Two other problems are identified by Ogness. Timestamps on the messages
are added when a message is added to the buffer but, due to deferrals, that
can happen well after the printk() call was made. While that
behavior has the side
effect of nicely sorting the messages in terms of time, it is
"neither accurate nor reliable
". In addition, because printk()
tries to satisfy all of its users, it ends up compromising too much:
In order to fix those problems, he is proposing the addition of a kernel-internal printk() ring buffer that allows for multiple lockless readers; writers use a per-CPU synchronization mechanism that works in any context. This ring-buffer implementation was inspired by a suggestion from Peter Zijlstra, Ogness said. The actual writing of the messages is moved to a dedicated kernel thread, which is preemptible, so the latencies can be bounded. The new ring buffer will be allocated in the initialized data segment of the kernel, so it will be available early in the boot process, even before the memory-management subsystem is available. Timestamps will be generated early in the printk() function.
Beyond that, a new kind of "emergency message" is defined. Those messages will appear on certain consoles immediately; no waiting for any other printk() messages that are queued up for the kernel thread. In order to participate, consoles will need to implement the new write_atomic() operation. The patch set includes an implementation of write_atomic() for the 8250 UART driver. There is a new kernel configuration parameter, CONFIG_LOGLEVEL_EMERGENCY, which sets the lowest log-level value for emergency messages; it defaults to LOG_WARNING. That value can also be set by the "emergency_loglevel=" kernel command-line parameter at boot time.
So instead of trying to ensure that all messages go out as quickly as possible, the proposal would effectively partition printk() messages into two buckets—at least for consoles that implement write_atomic().
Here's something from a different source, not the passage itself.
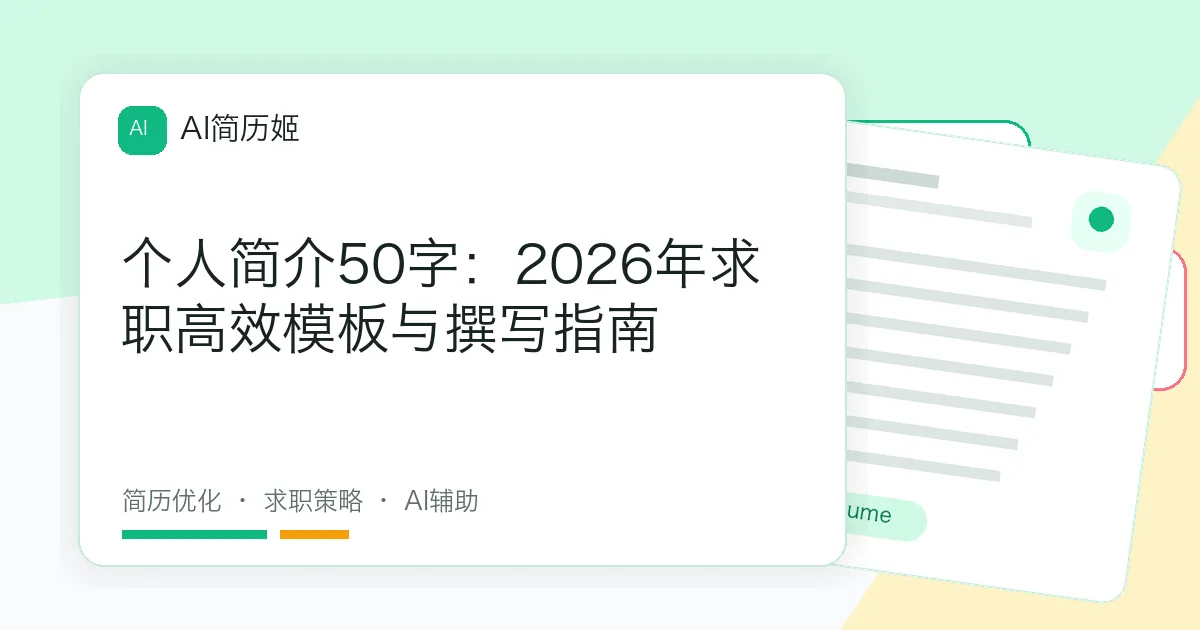 个人简介50字：2026年求职高效模板与撰写指南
Regular messages will be written out by the kernel thread, which gets scheduled and preempted normally, so it may not be flushing all of the messages right away. The messages at the emergency level and above will go out immediately to an emergency console. As he noted in the thread, there are options if losing regular messages in a crash becomes a problem:
There are some downsides and open issues in the proposal, which Ogness also lists. The output from printk() has changed somewhat, which may have unforeseen consequences. A CPU ID will be printed as part of emergency messages to help disambiguate multiple simultaneous messages; those messages are separated from regular printk() messages using a newline character, though there may be an option added to make them stand out more. In addition:
More details on the ring buffer and its API, along with some early performance numbers, can be seen in a patch adding a file to the Documentation directory.
The reaction to the patch set has been positive overall; there have been the usual questions and comments, of course. printk() has been the subject of two relatively recent Kernel Summit sessions (in 2016 and 2017); two of those proposing printk() changes at the summits, Sergey Senozhatsky and Petr Mladek, have also commented on the patches. Mladek had suggestions for improvements to the ring-buffer code, as did Linus Torvalds. There have been no major complaints about the overall goal and plan, however, so it would seem that we could see these changes go into the mainline in a development cycle or two.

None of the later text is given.